On Thursday, 30 June 1994, a problem was reported in an attempt to update an attorney address late the afternoon before. An entry had been made in the Case Management error log; apparently the corresponding entry is this one:
Wed Jun 29 16:56:47 EDT 1994
Program: unknown
Calling function: error
Offending function: See notes.
Status: -4
Errno: 9
Notes: gett (tnum=80, offset=1, words=1)
Inspection of the error log revealed not only that entry, but many entries
of the form
Thu Jun 30 07:50:38 EDT 1994
Program: SQL
Calling function: error
Offending function: See notes.
Status: 0
Errno: 22
Notes: (dread) addr: 194094456
going back to Tuesday, 28 June. This message was considered the more
disturbing, from the explanation in the UNIFY Direct HLI Programmer's
Manual (p. E-39):
Possible causes and/or solutions:
1. The data base file doesn't exist, or it is not
readable by the current operating system user.
[not applicable to our situation]
2. Invalid starting address to read from, or nonsensical
number of bytes to read. [The starting address in the
log entry is clearly invalid.] Either the program is
overwriting itself, or the database is corrupted and
needs to be recovered.
The San Antonio Training and Support Center was called and was able on Friday, 1 July, to isolate 'hist' as the table involved when the 'dread' (pronounced 'dee read' except for dramatic effect) errors were logged. The problem was to isolate the offending records in that table.
Late Friday afternoon, on a whim, I ran the program I had written in January 1994 while working on the duplicate person ID problem. This program scans a table for duplication of primary keys, and returns all record locations sharing each key. For the 'hist' table, this output was produced:
31667037 200006 200011 200016 63617365 200002 200007 200012 200017 200022 200027 200032 643a2032 200003 200008 200013 200018 200023 200028 200033 656c6563 200005 200010 200015 200020 200025 200030 200035(The keys themselves are left in hexadecimal form, since the program only cares if two keys are equal and does not need to interpret them.)
The duplication of keys shows a striking regularity: for each key value that is duplicated, the records sharing that value occupy slots exactly five apart.
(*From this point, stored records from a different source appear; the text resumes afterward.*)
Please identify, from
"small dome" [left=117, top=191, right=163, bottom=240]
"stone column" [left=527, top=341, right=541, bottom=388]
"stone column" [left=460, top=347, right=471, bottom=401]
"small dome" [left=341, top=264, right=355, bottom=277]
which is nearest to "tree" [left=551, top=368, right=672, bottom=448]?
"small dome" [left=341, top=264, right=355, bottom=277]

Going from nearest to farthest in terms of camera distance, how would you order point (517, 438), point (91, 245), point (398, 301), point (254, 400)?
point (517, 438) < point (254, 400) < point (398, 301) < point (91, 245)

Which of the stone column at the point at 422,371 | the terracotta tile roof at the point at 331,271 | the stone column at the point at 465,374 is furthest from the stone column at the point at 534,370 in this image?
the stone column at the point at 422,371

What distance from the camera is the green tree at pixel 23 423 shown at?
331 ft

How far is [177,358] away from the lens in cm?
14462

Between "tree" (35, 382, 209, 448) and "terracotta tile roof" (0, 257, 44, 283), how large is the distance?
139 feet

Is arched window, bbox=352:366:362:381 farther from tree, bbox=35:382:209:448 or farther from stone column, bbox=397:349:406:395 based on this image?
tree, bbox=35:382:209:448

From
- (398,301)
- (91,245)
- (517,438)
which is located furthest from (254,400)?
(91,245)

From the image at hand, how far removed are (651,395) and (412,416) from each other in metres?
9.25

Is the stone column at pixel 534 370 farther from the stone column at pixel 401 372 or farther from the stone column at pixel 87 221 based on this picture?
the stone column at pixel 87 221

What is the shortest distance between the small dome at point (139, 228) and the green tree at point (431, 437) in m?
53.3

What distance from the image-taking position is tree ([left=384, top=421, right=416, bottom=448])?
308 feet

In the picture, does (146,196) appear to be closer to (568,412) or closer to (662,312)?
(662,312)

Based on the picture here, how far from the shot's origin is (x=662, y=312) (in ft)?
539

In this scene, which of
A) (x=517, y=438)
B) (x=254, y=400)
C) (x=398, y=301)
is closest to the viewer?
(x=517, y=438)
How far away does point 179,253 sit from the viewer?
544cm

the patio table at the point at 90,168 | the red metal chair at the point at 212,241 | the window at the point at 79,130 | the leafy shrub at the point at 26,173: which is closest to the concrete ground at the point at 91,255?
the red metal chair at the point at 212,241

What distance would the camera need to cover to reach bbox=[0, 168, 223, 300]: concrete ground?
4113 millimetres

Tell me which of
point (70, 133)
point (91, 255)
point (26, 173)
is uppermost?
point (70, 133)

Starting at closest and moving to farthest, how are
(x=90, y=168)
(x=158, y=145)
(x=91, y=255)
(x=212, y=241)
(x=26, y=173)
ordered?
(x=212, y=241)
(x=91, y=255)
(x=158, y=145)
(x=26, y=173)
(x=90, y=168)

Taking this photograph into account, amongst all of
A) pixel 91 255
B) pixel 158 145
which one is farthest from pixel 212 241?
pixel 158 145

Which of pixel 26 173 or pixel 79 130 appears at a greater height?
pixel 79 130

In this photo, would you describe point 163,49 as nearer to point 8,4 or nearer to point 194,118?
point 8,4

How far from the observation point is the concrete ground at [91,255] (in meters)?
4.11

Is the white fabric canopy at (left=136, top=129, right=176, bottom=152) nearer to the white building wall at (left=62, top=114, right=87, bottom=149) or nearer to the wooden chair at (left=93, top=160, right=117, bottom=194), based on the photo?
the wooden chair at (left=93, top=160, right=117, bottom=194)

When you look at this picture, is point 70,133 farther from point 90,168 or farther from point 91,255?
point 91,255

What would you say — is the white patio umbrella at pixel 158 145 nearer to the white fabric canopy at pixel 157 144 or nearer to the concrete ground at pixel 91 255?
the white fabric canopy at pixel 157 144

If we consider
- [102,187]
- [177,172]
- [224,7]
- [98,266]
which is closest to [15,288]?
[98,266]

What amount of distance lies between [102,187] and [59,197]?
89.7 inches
However, the expected sequence 200004, 200009, ... does not occur, and the sequence 200006, 200011, ... is truncated.
Examination of the offending records in SYS920 showed them to be utter nonsense. The keys were enormous values completely out of range for hist IDs, dates such as 12/22/29 and 1/6/99 appeared, and employee names such as '1fp7', 'case', 'd: 2', and 'elec' were found. A curious note was that, if two records were compared from different primary-key groups, the same enormous value that was the primary key in one record was likely to turn up in some other field of the other record.
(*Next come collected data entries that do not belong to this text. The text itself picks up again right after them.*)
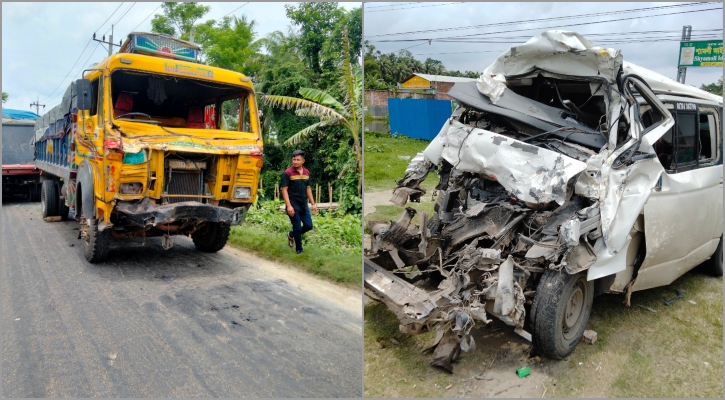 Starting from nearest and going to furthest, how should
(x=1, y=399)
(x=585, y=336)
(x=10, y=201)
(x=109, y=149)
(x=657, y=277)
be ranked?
(x=1, y=399), (x=585, y=336), (x=657, y=277), (x=109, y=149), (x=10, y=201)

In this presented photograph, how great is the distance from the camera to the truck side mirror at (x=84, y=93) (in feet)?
21.6

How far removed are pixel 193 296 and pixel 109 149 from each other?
1.98 m

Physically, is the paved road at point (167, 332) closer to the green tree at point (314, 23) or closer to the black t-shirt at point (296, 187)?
the black t-shirt at point (296, 187)

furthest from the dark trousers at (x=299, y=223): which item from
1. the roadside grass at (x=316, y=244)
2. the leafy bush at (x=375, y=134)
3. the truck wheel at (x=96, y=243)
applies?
the leafy bush at (x=375, y=134)

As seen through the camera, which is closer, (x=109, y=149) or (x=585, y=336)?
(x=585, y=336)

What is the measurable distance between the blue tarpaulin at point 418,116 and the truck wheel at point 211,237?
43.1 feet

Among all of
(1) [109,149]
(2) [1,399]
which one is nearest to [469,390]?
(2) [1,399]

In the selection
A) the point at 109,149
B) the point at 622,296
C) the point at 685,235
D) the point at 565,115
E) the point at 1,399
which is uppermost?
the point at 565,115

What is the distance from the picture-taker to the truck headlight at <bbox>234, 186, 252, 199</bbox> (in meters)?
6.70

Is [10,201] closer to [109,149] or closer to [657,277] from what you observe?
[109,149]

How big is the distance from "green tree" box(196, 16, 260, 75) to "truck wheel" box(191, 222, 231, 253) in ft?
55.7

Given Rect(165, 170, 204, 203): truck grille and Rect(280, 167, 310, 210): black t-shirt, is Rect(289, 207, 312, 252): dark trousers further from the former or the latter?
Rect(165, 170, 204, 203): truck grille

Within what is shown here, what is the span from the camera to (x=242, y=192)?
675cm

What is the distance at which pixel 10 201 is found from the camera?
45.6 feet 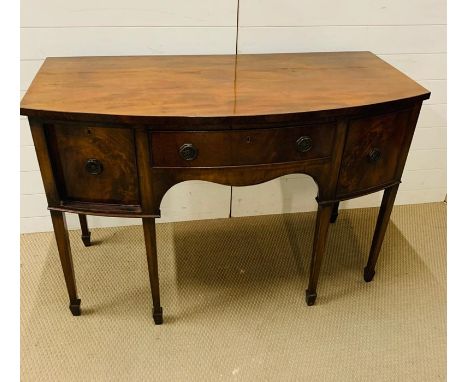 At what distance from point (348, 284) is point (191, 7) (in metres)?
1.17

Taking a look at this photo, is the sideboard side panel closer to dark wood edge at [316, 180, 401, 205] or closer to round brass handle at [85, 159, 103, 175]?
round brass handle at [85, 159, 103, 175]

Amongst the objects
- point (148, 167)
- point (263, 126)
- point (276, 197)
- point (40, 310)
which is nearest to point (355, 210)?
point (276, 197)

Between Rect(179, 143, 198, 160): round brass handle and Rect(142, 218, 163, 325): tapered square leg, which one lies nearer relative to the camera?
Rect(179, 143, 198, 160): round brass handle

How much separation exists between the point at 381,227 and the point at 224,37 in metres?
0.89

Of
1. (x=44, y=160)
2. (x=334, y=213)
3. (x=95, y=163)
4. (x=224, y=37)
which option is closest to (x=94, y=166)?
(x=95, y=163)

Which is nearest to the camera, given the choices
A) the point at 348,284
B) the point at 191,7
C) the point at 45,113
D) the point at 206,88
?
the point at 45,113

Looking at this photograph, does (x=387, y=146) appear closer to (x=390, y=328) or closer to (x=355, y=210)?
(x=390, y=328)

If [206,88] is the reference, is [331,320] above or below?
below

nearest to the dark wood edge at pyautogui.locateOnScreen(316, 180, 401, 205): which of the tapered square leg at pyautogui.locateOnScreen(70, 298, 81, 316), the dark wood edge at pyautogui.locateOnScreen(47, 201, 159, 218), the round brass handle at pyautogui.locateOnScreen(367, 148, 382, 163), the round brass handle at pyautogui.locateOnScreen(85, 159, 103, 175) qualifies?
the round brass handle at pyautogui.locateOnScreen(367, 148, 382, 163)

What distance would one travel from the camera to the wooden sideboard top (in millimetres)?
1098

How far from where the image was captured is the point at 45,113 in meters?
1.07

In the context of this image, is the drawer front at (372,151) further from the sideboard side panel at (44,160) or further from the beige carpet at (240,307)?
the sideboard side panel at (44,160)

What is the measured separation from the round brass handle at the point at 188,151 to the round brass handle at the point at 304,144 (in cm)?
28

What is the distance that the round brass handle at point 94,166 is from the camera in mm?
1159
As these records contained no recoverable data, it appeared that the only solution was to delete them. Several other tables make explicit references to hist, and UNIFY will not delete a record until all other records referring to it have been removed. The typical procedure in such a case is to dump all related tables into ASCII files, empty them all, edit the ASCII files to eliminate the bad records, and load them back into the database. This procedure would be very time-consuming for tables the size of hist and the others that refer to it.
The same issue was involved in the duplicate Person ID problem back in January, and I had developed a method for deleting records with current references. On Sunday afternoon, 3 July, the weekend backups having been done, I used this method to try to delete the offending records. In this case, SYS920 was aborted with a memory fault without deleting the records. Apparently, the corruption affected the non-data, UNIFY-internal-use portions of the records as well as the data portions, and in such a way as to cause a memory fault in the deletion logic.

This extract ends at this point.